(Records for this task begins)

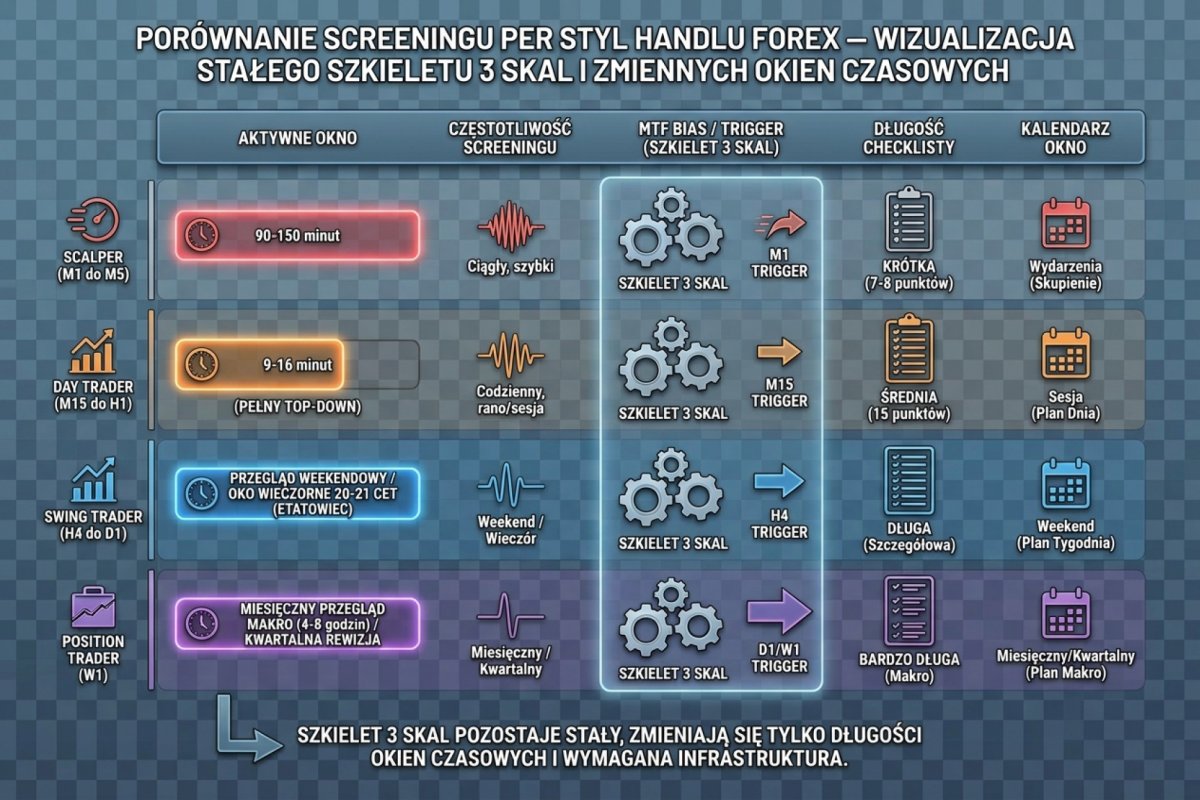 Zestawienie czterech stylów handlu — scalper, day trader, swing i position — w kilku wymiarach: aktywne okno w ciągu doby, częstotliwość skanu, timeframe użyty do bias i do triggera oraz okno kalendarzowe. We wszystkich czterech kolumnach powtarza się ten sam szkielet: makro, para, setup, potem checklista i zapis powodu pominięcia; zmieniają się długości okien i częstotliwość, nie kolejność kroków. Schemat porównawczy, bez danych z rachunku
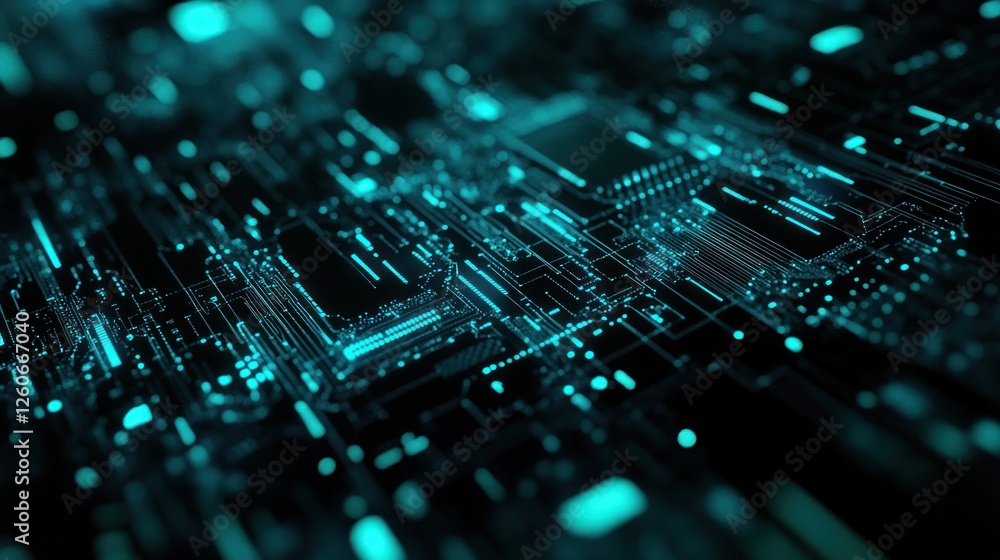 Aufkleber abstract close-up of a futuristic circuit board with glowing blue elements in a tech environment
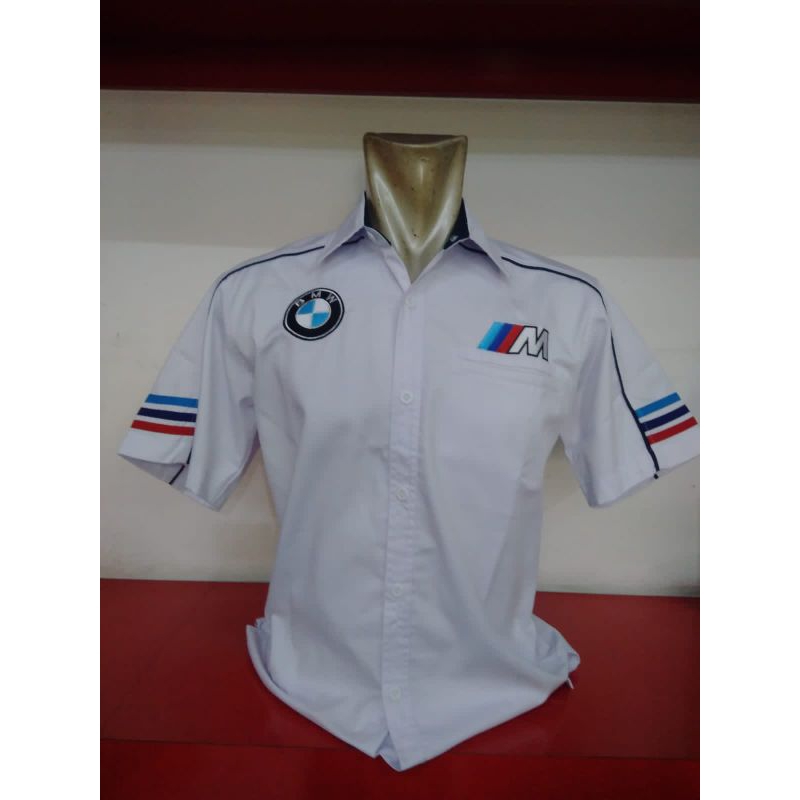 Baju Kemeja pria Tangan Pendek BMW Putih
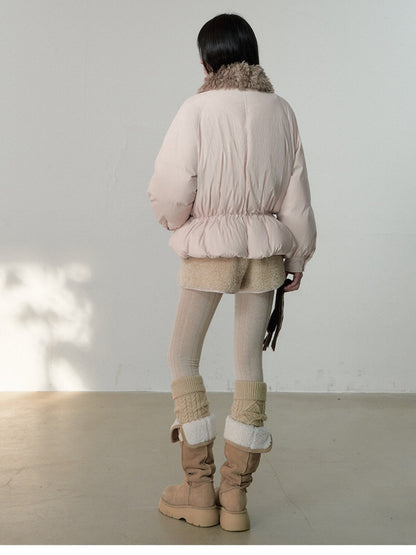 Soote Season - Sweet Cream Pink Faux-Fur Collar Puffer Jacket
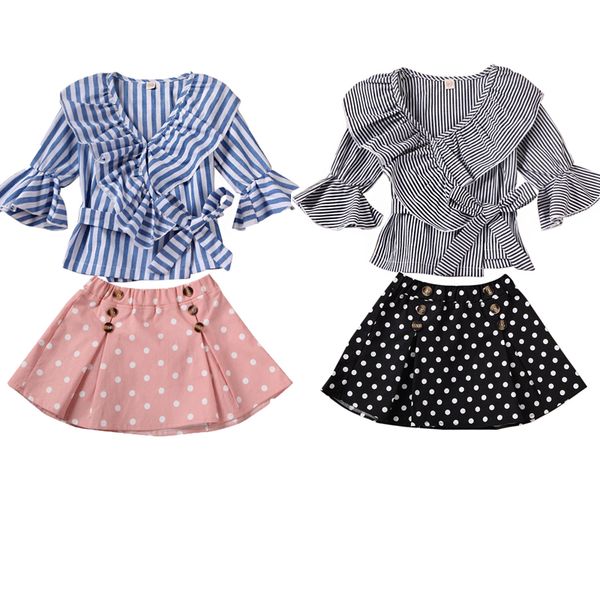 

fashion infant baby girl kid clothes sets striped trumpet sleeve + polka print a-line skirt outfit set 1-6y, White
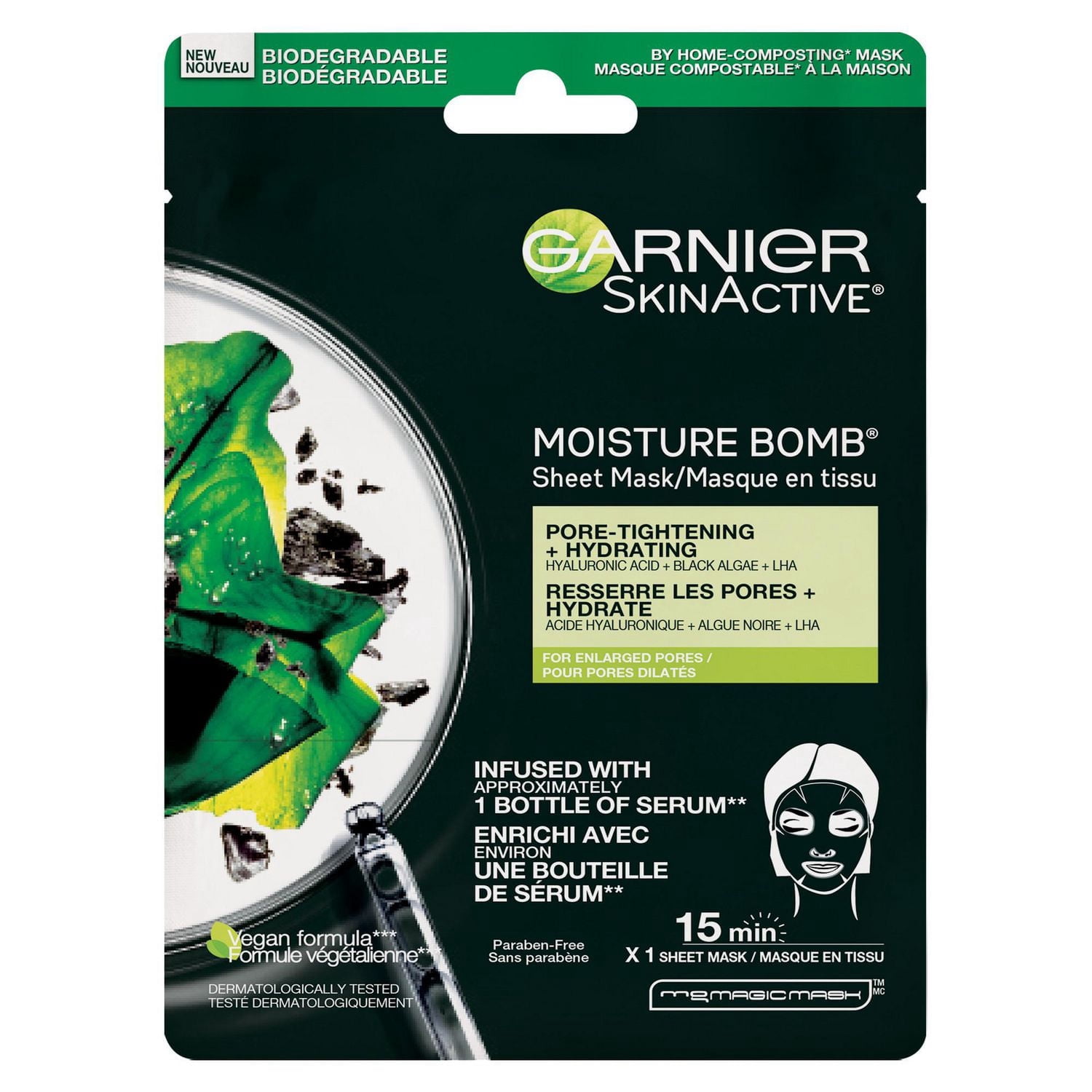 Garnier Super Purifying Charcoal Sheet Mask with Algae Extract, 32 GR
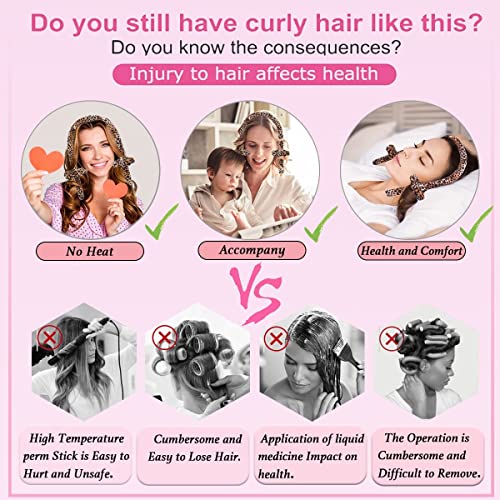 Shegato Heatless Hair Curler, Heatless Curling Rod Headband, Heatless Curls For Long Hair, No Heat Silk Curlers, Soft Sponge Hair Rollers, Curling Ribbon And Flexi Rods For Natural Hair (Leopard) #TOP2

(Records for this task ends)

Write out the data once more exactly, omitting the pictures.

:: Task output ::
 Zestawienie czterech stylów handlu — scalper, day trader, swing i position — w kilku wymiarach: aktywne okno w ciągu doby, częstotliwość skanu, timeframe użyty do bias i do triggera oraz okno kalendarzowe. We wszystkich czterech kolumnach powtarza się ten sam szkielet: makro, para, setup, potem checklista i zapis powodu pominięcia; zmieniają się długości okien i częstotliwość, nie kolejność kroków. Schemat porównawczy, bez danych z rachunku
 Aufkleber abstract close-up of a futuristic circuit board with glowing blue elements in a tech environment
 Baju Kemeja pria Tangan Pendek BMW Putih
 Soote Season - Sweet Cream Pink Faux-Fur Collar Puffer Jacket

fashion infant baby girl kid clothes sets striped trumpet sleeve + polka print a-line skirt outfit set 1-6y, White
 Garnier Super Purifying Charcoal Sheet Mask with Algae Extract, 32 GR
 Shegato Heatless Hair Curler, Heatless Curling Rod Headband, Heatless Curls For Long Hair, No Heat Silk Curlers, Soft Sponge Hair Rollers, Curling Ribbon And Flexi Rods For Natural Hair (Leopard) #TOP2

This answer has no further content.